Investor’s Funds Expended for Personal Items, Not on Company

Convincing investors to purchase a product based on misrepresentations is a traditional focus for the Commission’s enforcement division. In some of its cases the misrepresentations, while material, are straight forward. In others they are more complex. And, in some they may not be credible to many potential investors. No matter. If the representations are false, material and believed by the person being solicited to purchase the securities, there may be a violation of the federal securities laws. That is the situation presented in one of the Commission’s most recent cases, SEC v. Jordan-Jones, Civil Action No. 1:25-cv-04297 (S.D.N.Y. Filed May 21, 2025).

Named as defendants in the action are Jermy Jordan-Jones and Amalgam Capital Ventures, LLC. Mr. Jordan-Jones is the CEO of Amalgam Capital Ventures. The company is supposedly based in New York.

Beginning in late November 2021, and continuing until early the next year, Defendant Jordan-Jones solicited an investor to invest in Amalgam Capital. The investor – Investor A – was told that the firm had launched a blockchain-based point-of-sale and payment processing platform called Zeo. The investor was also told that the firm was operational and had $3 million in assets.

In fact, the firm did not have $3 million in assets; it was not operational.

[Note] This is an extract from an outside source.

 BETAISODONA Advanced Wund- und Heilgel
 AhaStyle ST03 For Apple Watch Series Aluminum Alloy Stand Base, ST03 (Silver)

The investor agreed to put $500,000 into the venture. Yet when the investor gave Defendant Jordan-Jones the funds, the money was not put into the venture. To the contrary, Defendant Jordan-Jones used the funds obtained from the investor for personal items – the money did not go the company. Rather, Defendant Jordan-Jones spend the investor’s capital on items for himself. The complaint alleges violations of Securities Act Section 17(a) and Exchange Act Section 10(b) and Rule 10b-5. The U.S. Attorney’s Office for the Southern District of New York filed parallel criminal charges. See Lit. Rel. No. 26309 (May 22, 2025).